Problem to work on: Copy nothing but the lines from the one containing "A person in a suit smiling" through the last line of the records, repeated exactly and without pictures.

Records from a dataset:
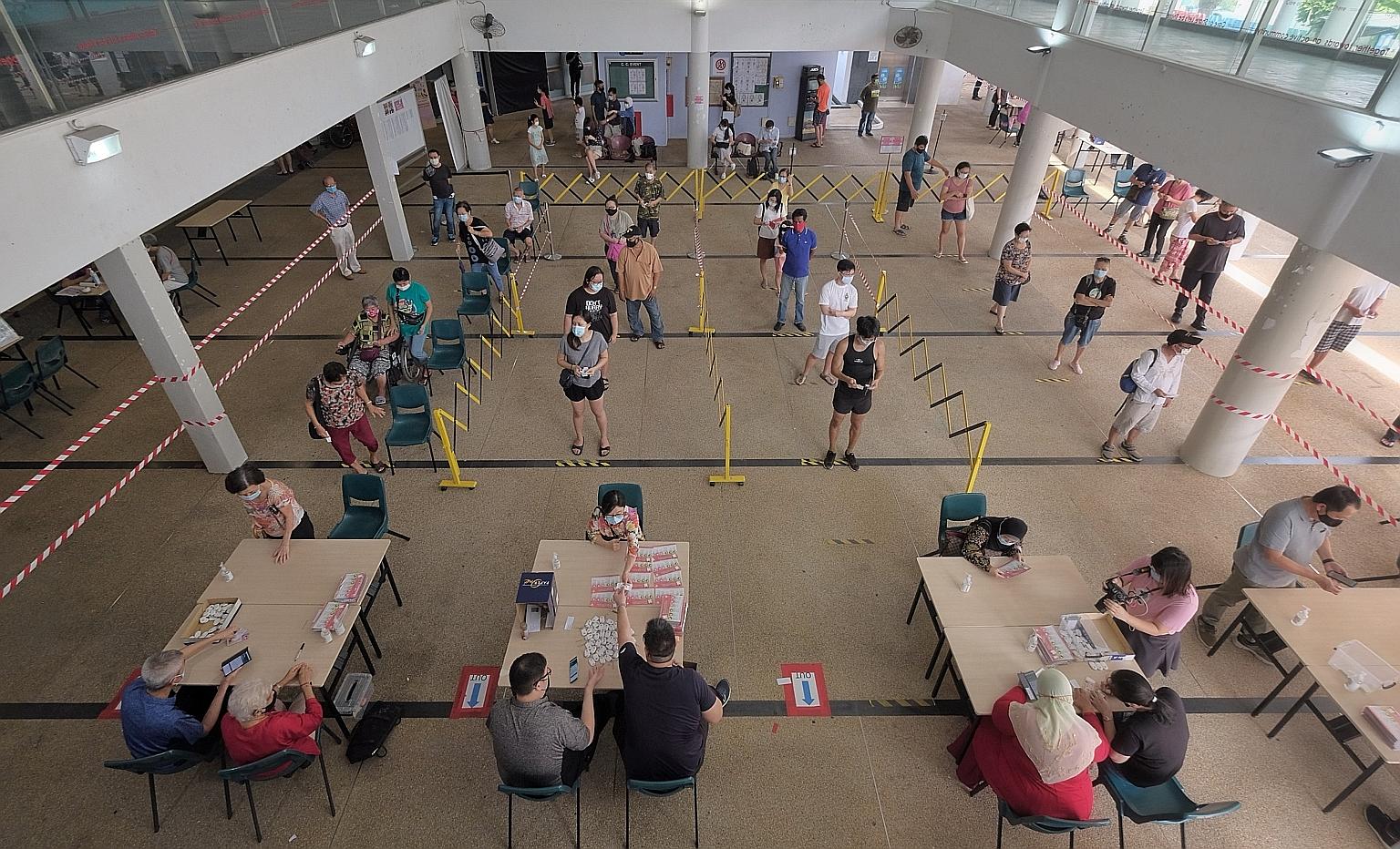 Residents collecting their TraceTogether tokens at Kampong Kembangan Community Club last December. So far, more than 80 per cent of the population have either downloaded the TraceTogether app or collected the token. ST PHOTO: GAVIN FOO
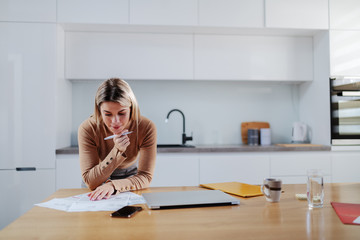 Cute caucasian blonde woman in sweater leaning on dining table and calculating bills. In hand is...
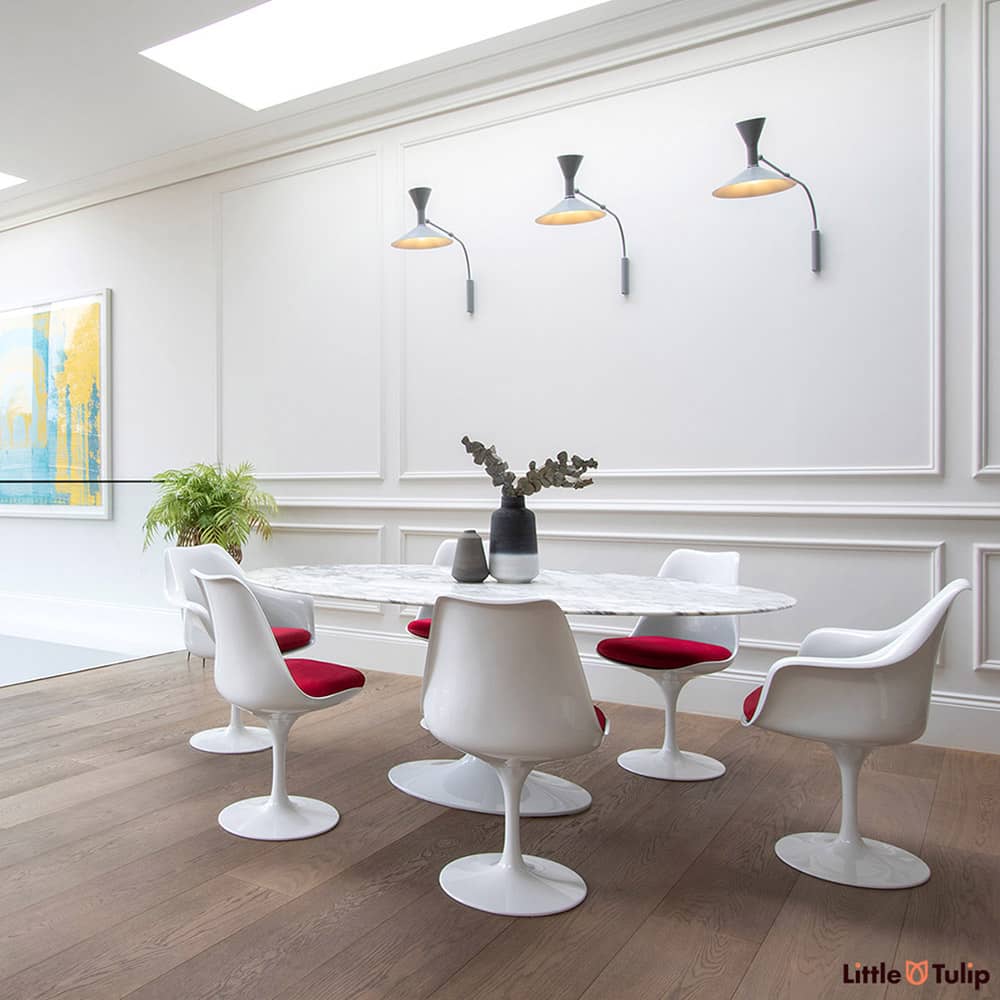 An absolutely gorgeous combination of white space and wooden floor is home to an Arabescato 200 cm Oval table with 4 side & 2 arm chairs with red cushions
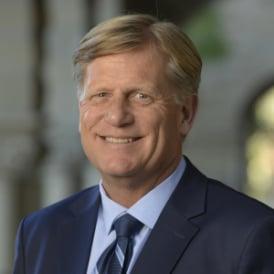 A person in a suit smiling

Description automatically generated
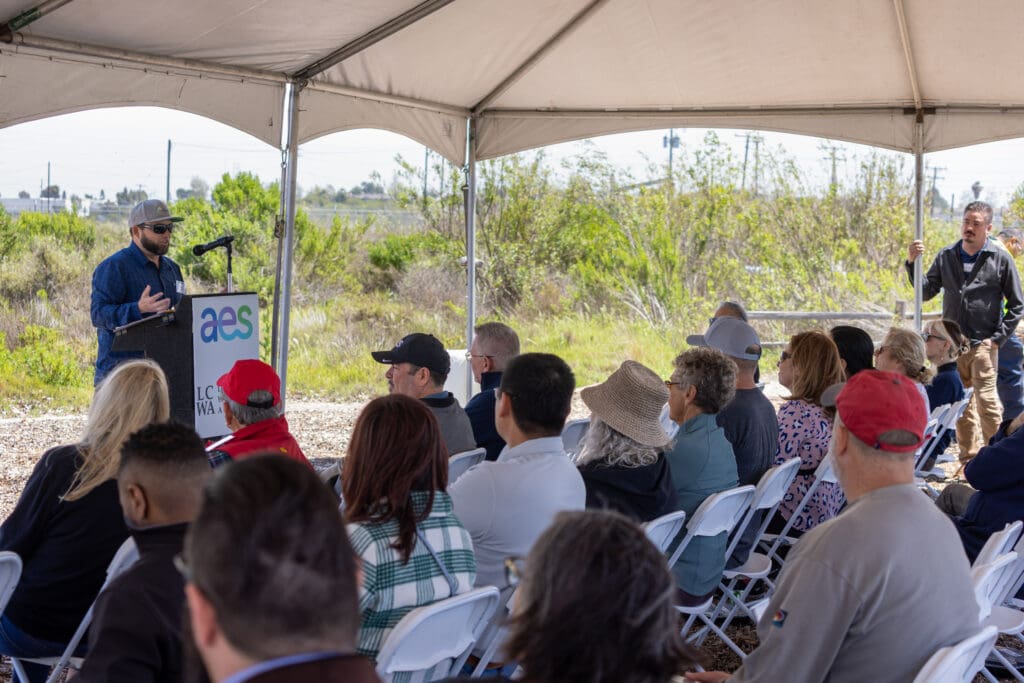 person giving speech to audience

Solution below:
 A person in a suit smiling

Description automatically generated
 person giving speech to audience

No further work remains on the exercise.